Understanding atmospheric methane sub-seasonal variability over India

Atmospheric methane is considered to be one of the most important greenhouse gases due to its increasing atmospheric concentrations and the fact that it has a warming potential 28 times that of atmospheric carbon dioxide. Over the Indian sub-continent, fluxes and transport both contribute towards atmospheric methane's seasonal variability. Its intra-seasonal variability however is more complex as it is additionally influenced by monsoonal activity during the Asian Summer Monsoon (ASM) period. In this study, Yogesh K. Tiwari and colleagues examine the intra-seasonal variability of atmospheric methane using ground-based observations at two sites located in the Southern Indian Peninsula, Sinhagad (SNG) and Cape Rama (CRI); and outputs from three different model simulations. 

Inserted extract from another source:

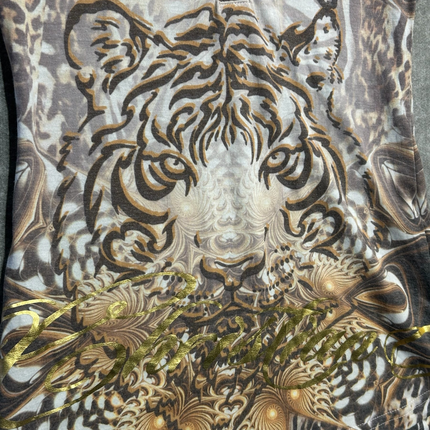 OutOf10 Christian Audigier polo shirt featuring a detailed tiger graphic, gold embroidery, and rhinestone accents.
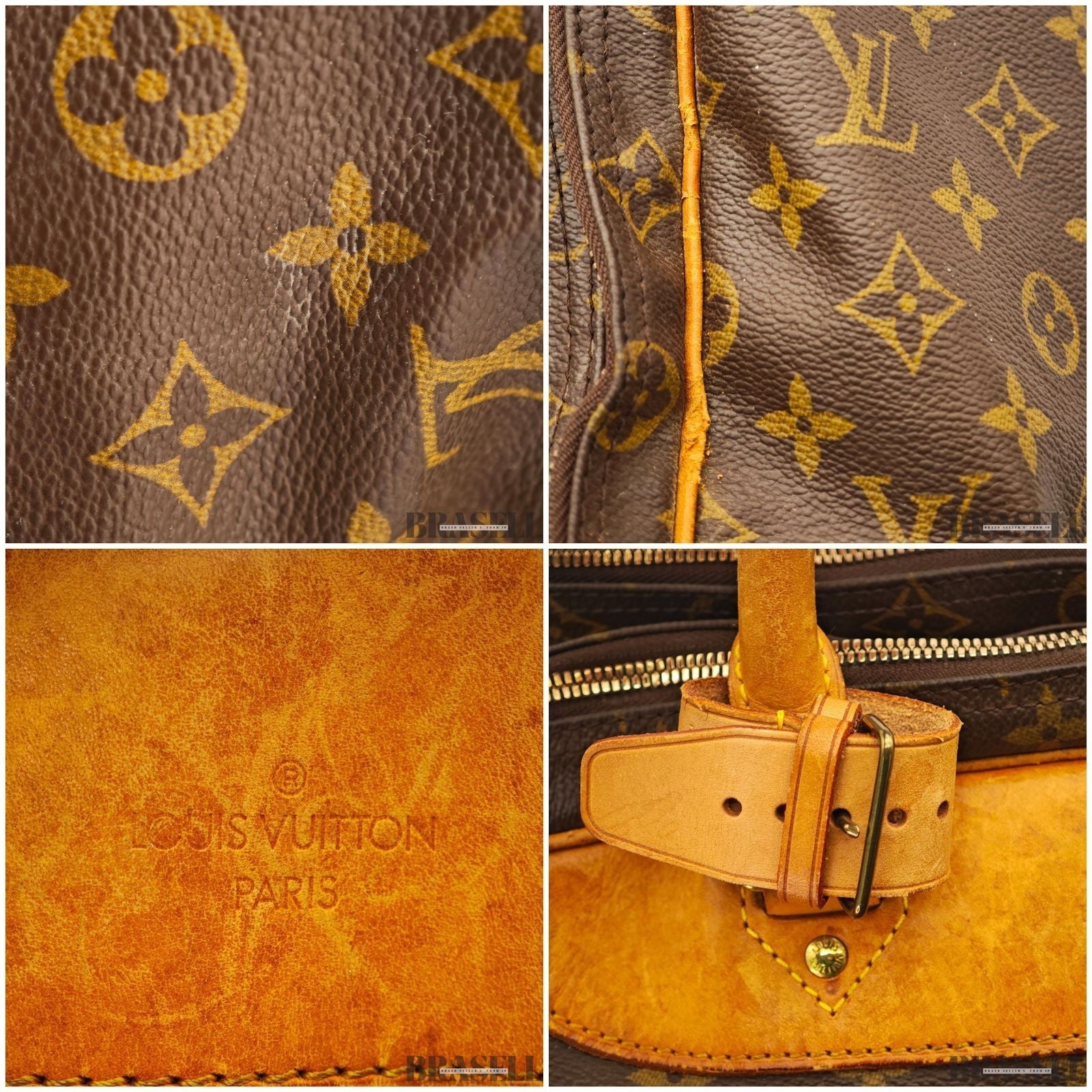 Louis Vuitton Monogram Alizé 24H M41399 Handbag Large Capacity Boston Bag Brown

Both, the ground based observations and multi-model simulations show that the dominant spectral variability of methane is coherent with 20–90 day oscillations in the dynamics of the monsoon (termed hereafter as Intra-Seasonal Oscillations, ISOs). The multi-model analysis revealed that methane is heavily influenced by advection due to this intra-seasonal variability. The simulations also display a clear northward propagation of methane anomalies over India. The co-evolution of methane, outgoing long wave radiation (to represent convection) and OH radicals (proxy to methane sinks) is presented. The study quantifies atmospheric methane variability at intra-seasonal timescales and also its spatial extent. The results suggest that the effect of ISOs on atmospheric methane needs to be considered along with the corresponding observations for future inverse modeling.